I have been working for some months now to develop the most efficient and effective method to fight open proxies. After various trials, the following approach turned out most optimal:

  • Acquire ip's from various internet sources and put these in a database (now >120k records). Some 20 sources are used, which show quite some (partial) overlap. So a lot of copy/paste is taking place. The db is growing by some 500+ ip's/day.
  • Run repeatedly scans, checking those ip's and store the result in the db as well. A hit is bingo, but a non-hit says nothing. As PC's may be on or off, experience (querying the db) shows that it may take up to some 100 trials and 60 days to get a hit on some occasions. Roughly 25% of the total has been confirmed at any moment (confirmed and not confirmed are growing continuously). Scanning is done at a speed between 5 and 20 ip's per second, depending on various parameters. The principle is based on requesting a specific page from a proprietary server via the suspect ip as proxy.
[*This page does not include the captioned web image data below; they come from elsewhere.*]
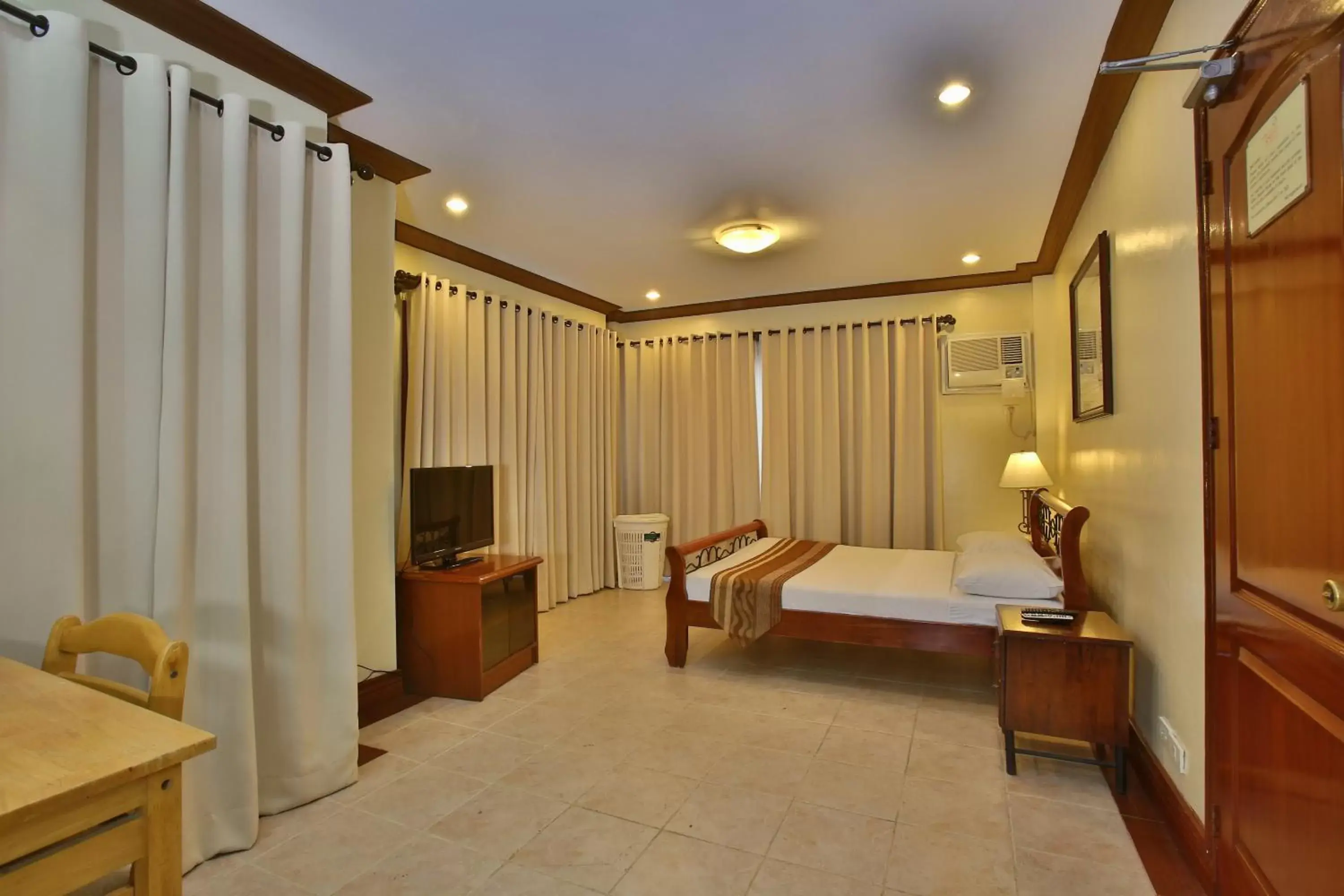 Bed in Crown Regency Suites Mactan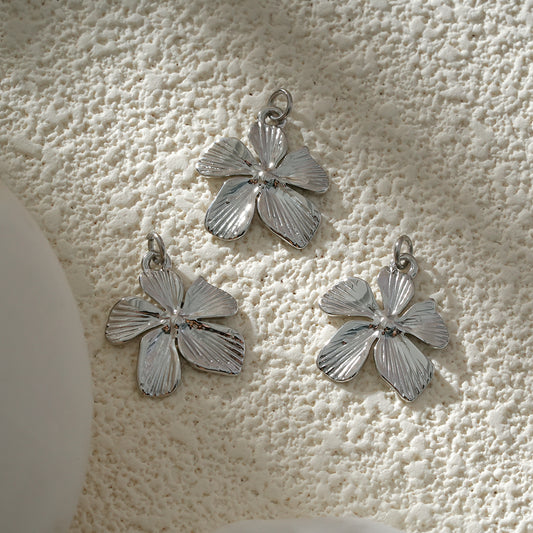 Lot de 3 Pendentifs Fleur Sculptée Argenté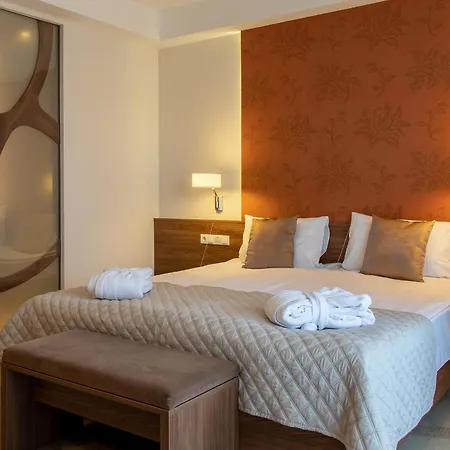 Imola Platan - Adults Only 4*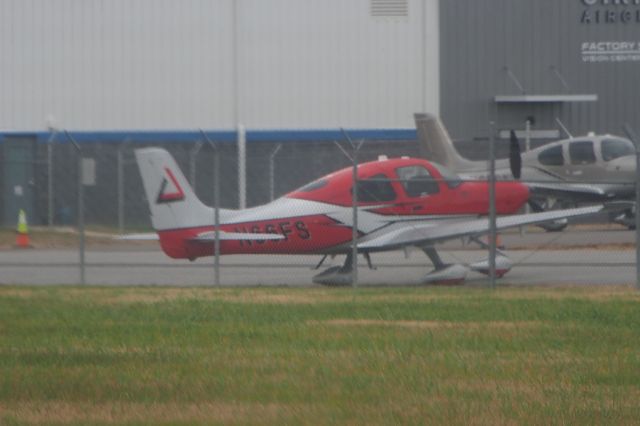 Cirrus SR-22 (N66FS)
This page returns http header information, which is interpreted by the scanning program.
  • The scanning system discovers cascaded proxies (open proxies using other (zombie) computers to connect to the server) and earmarks the exit nodes.
  • The same (automatic) grabbing is done for TOR, distinguishing exit and onion nodes.
  • TOR exit nodes are blocked as a precaution (> 10k now - see here for the list). The same for (cascaded) exit servers (some 1000 now - see here for the list). This blocking is automated (batch-wise).
  • Other open proxies are blocked on an ad-hoc basis (via template, etc.)
  • The database is also (manually) being expanded with provider proxies, proxies for mobile use, web based proxies (anonymizers) and alike.
  • Because all info is stored in a db, some odds and ends become apparent. As an example some ip ranges of a mobile operator which appear open to the entire internet.
  • The database, in particular the ports (some tens are more or less frequently used, but the db contains >500 unique confirmed ports), are kept secret for obvious reasons.
  • Fed by the irc rc channel, another program is querying the database and reporting each open proxy edit on a special page. Test runs on nl:w, en:w, de:w and fr:w gave the results as shown below.

Since the systematic approach being initiated, spamming, trolling etc. on nl reduced dramatically. I cannot prove whether this is directly a result of the systematic approach, but there must be some correlation.


Test runs on some wiki's[bewerken | brontekst bewerken]

A bot is monitoring the rc feeds from irc for several of the larger wiki's and queries the ip edits against the open proxy database. These test runs started 25-12-06 03:30 (CET) and have been running around the clock with some minor interruptions only.

The following table gives the results. Numbers are averages per 24 hours.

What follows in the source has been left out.